(no subject)

Feb 06, 2006 00:38

She has always been told she looks more like her mother than her father. Her mother has brown hair, brown eyes and a similar mischievous look. But there are many distinctions if you look close. Most people don’t. Her hair is a little lighter yellow than her mothers, and it curls up on the edges, twining around her earlobe and sweeping across her forehead, covering parts of her eyes. Her bangs pop up, they don’t lie flat. Years of pinning her hair down still can not hide her obstinate cowlick. Her mother’s hair is straight. Her father’s hair is curly and blond. Her eyes, like her hair, are a little lighter than her mothers. They are hazel in the spring, when the hills bring out the green in everything. Her father’s eyes are blue.
Her mother’s lips are straight and thin, without lipstick they look mean. Her mother proudly envies that her daughter never needs lipstick. Her daughter’s lips form a faint heart in the center. Two arches, a small little pink “m” pointing up to her nose, and a smooth curve across the bottom. She is happy that when people see them together they tell her how much her daughter looks like her. She smiles and pulls her daughter’s shoulder closer to hers in a half embrace. Then sometimes she turns her head and kisses her daughter on her forehead where her cowlick is hidden. Once she looked for cosmic meaning. She asked a psychic why it was her daughter and she had such a close relationship. The psychic said that it was because they had practice. She said that they had been mother and daughter six other times in past lives.
Her father is six feet tall and has flat feet. His daughter is short. He loves her long toes. When she was a baby he would fold them over his index finger, feeling the little grip she would give as she extended them out and around. He saw that she was strong like him. Now, when she visits him, he cooks her dinner while they discuss politics. She tells him about Foucault and he tells her about Fox news. They argue one point for hours while their guests get board and talk among themselves. When they realize that everyone else isn’t having as much fun as they are, they apologize. Their guests laugh and complain about how they are just too much alike. He likes their conversations. He is secretly glad when she wins her point. He is always amazed that from that little baby with the long toes a woman has developed. When he has drunk just enough alcohol, he gets teary eyed and tells his daughter how much she amazes him.

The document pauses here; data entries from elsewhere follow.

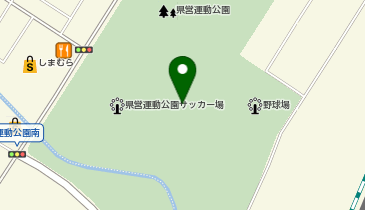 岩手県営運動公園ラグビー場の地図画像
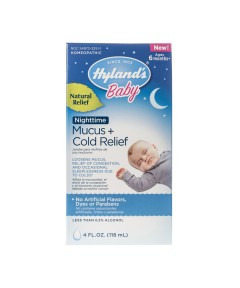 Hyland's&nbsp;Baby&nbsp;Nighttime&nbsp;Mucus&nbsp;+Cold&nbsp;Relief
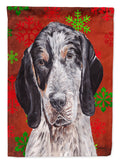 Blue Tick Coonhound Red Snowflakes Holiday Garden Flag Mailbox Decorative Yard Banner Outside Patio Artwork for Flower Beds, Garden Size, Multicolor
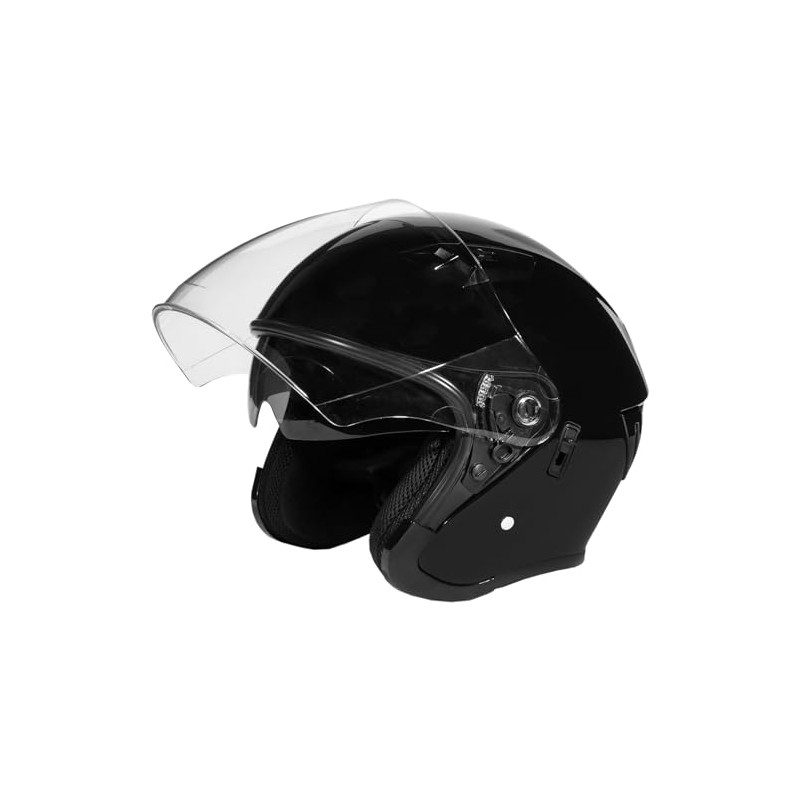 FULMER 360 Forge Open Face Helmet (Black - Large)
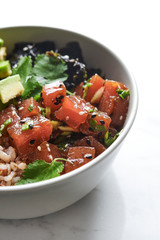 ahi poke bowl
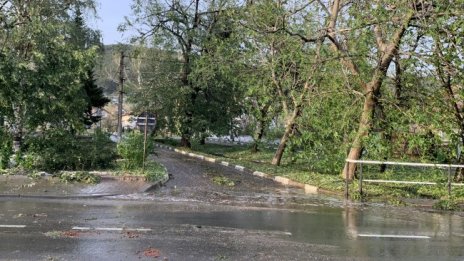 Оранжев код в 12 области за порои и градушки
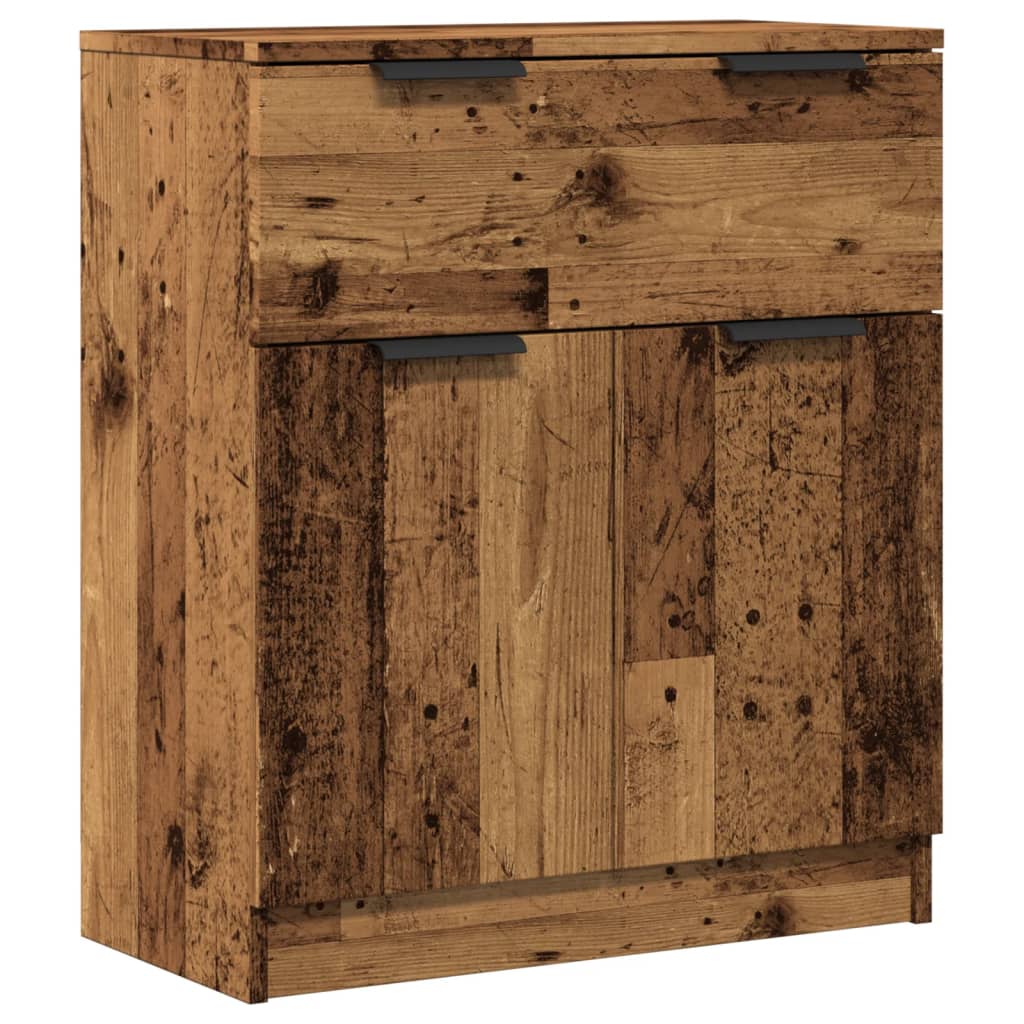 Credenza Legno Antico 60x30x70 cm in Truciolato - homemem39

When she looks closely in the mirror she can see the spot on her right nostril where she used to have a nose stud. People don’t notice the little dint that used to be a hole, and people that knew her when she had it have forgotten. When she tells them she used to have a nose ring, they say, ”Really? For how long?” Two years is easily forgotten in comparison to generations of similar noses that turn up at the same spot. She likes the idea that when she is alone looking in the mirror she can see layers of collections of photographs and stories on one canvas. She also likes the idea that when she is seen alone, everything behind the two dimensional hasn’t yet been given meaning; she is the first layer in a collection of layers on a canvas to be.